Monday, Sep. 23, 1957
Sunday Sops
To TV's hucksters, Sunday afternoon is known as an "intellectual ghetto" where the networks stow their small sops to the minority. Thus when two unsponsored NBC shows landed quietly in the ghetto this week, it was not surprising that both turned out to be far more impressive than the season's new commercial fare (see below). Wisdom, a filmed series of interviews with "the world's foremost seminal doers and thinkers," and Look Here!, a live, remote interview show with public figures, proved again that the most effective TV comes straight from life.

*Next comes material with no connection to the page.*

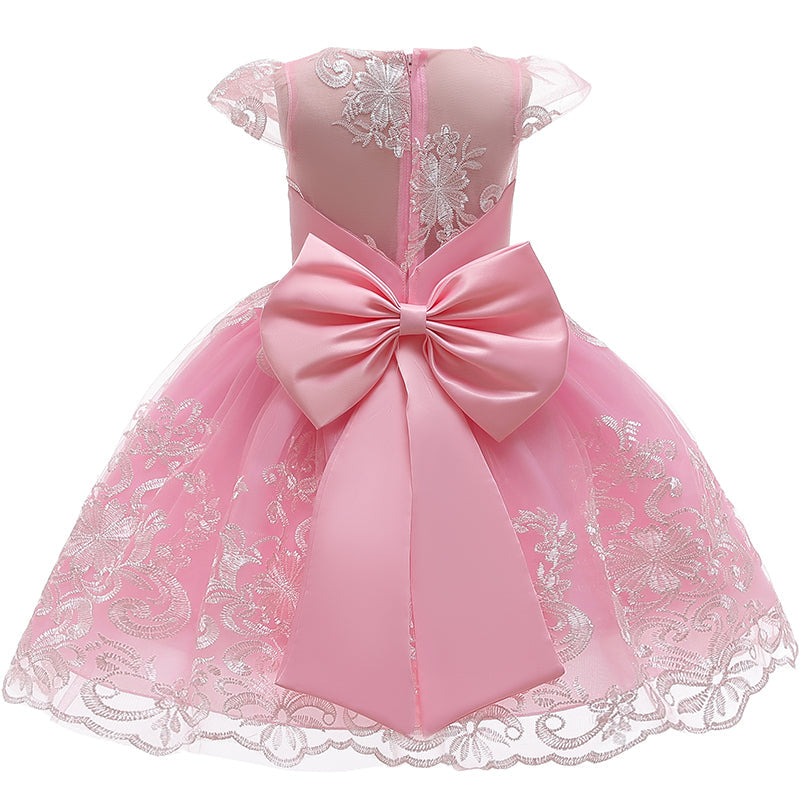 Girl Embroidery Unicorn Big Bow Princess Dress Wedding Party Kids Dresses - honeylives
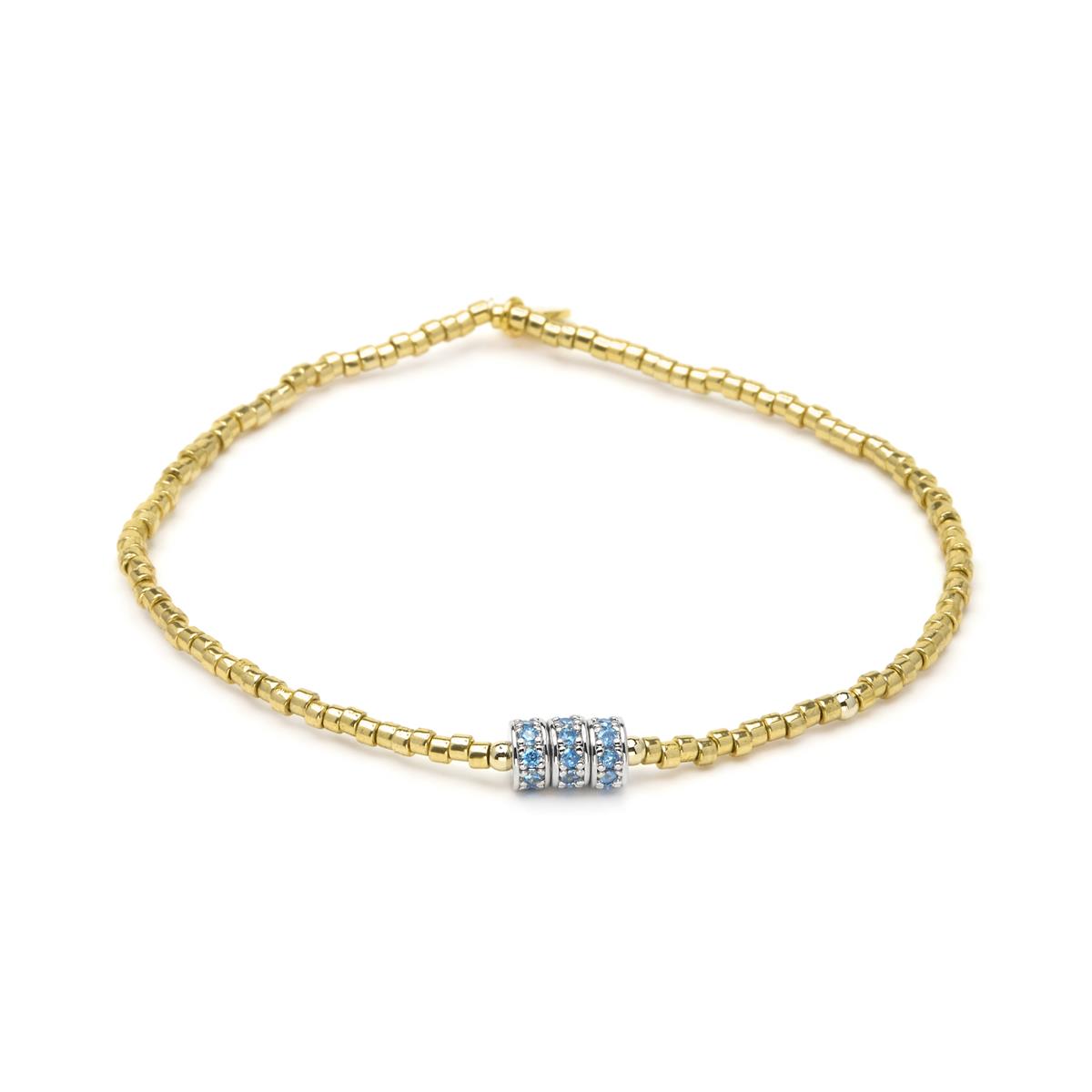 Pulsera de Plata de Ley 925 y Circonita Topacio Azul acabado en oro amarillo 18k - Alsion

Wisdom offered an extraordinary visit with Pablo Picasso, whose serene and massive figure illuminated the screen with almost as much distinction as his art. In his cluttered studio in the south of France, the 75-year-old artist sketched a town scene, fashioned a big-beaked bird from a freshly molded clay vase and made a figure on the floor from a clay pipe, broken bits of pottery and an olive branch. But he never uttered a sound. "I do not talk," Picasso had told NBC. "I only paint." In a fascinating finale, Pablo, bare-chested and wearing soiled black shorts, clambered up a ladder and with no preliminary sketches drew dancing goddesses across the wall of a chapel with an ease and grace that made genius look simple. The stunning close-ups of his works (pink eyes, blue breasts) provided color-conscious NBC with its best argument for color TV.
Look Here! brings NBC's bowstringtaut Martin Agronsky, 42, into what he calls "the tremendously rich area between Mike Wallace and Ed Murrow." In the paneled, high-ceilinged office of John Foster Dulles, Agronsky tested his new concept--"penetrating the wellsprings of character"--to good effect. By exploring areas that the news panel shows had never found cause to enter, Agronsky made a refreshing switch on the usual Dulles interview. (Sample questions: What does a man feel when he faces a decision that might mean the difference between peace and war? How do you reconcile the doctrine of massive retaliation with the Christian ethic?) Though NBC rudely cut the Bible-quoting Secretary off in the middle of an answer (to plug other NBC shows), the net result was good human drama, "After all," says Agronsky, "this is show business. The interviewer is part actor and must work in dramatic terms."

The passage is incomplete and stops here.